━━ Supplied information ━━

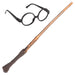 Halloween Wizard Wand & Spectacles | Party Accessories | Wizards Set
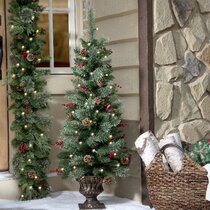 Indiana Spruce 4ft Artificial PreLit Multi Light Christmas Tree 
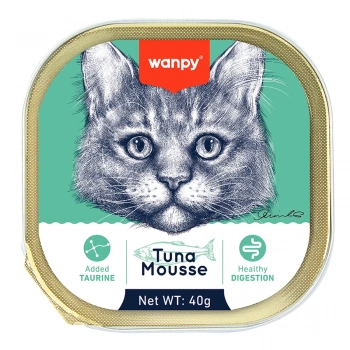 Wanpy Mousse Kedi 40g Ton Balıklı Alutray Yaş Mama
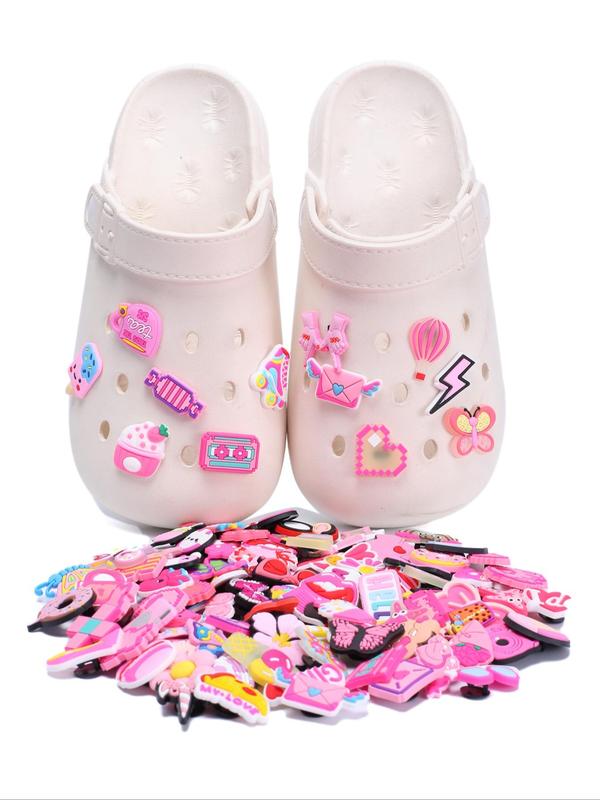 Random Cartoon Shoe Charms, 1 Box Cute Shoe Decoration, Shoes Decorations for Kids & Adults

━━━

Task goal =
Print the complete listing exactly, apart from any pictures.

Task result =
 Halloween Wizard Wand & Spectacles | Party Accessories | Wizards Set
 Indiana Spruce 4ft Artificial PreLit Multi Light Christmas Tree 
 Wanpy Mousse Kedi 40g Ton Balıklı Alutray Yaş Mama
 Random Cartoon Shoe Charms, 1 Box Cute Shoe Decoration, Shoes Decorations for Kids & Adults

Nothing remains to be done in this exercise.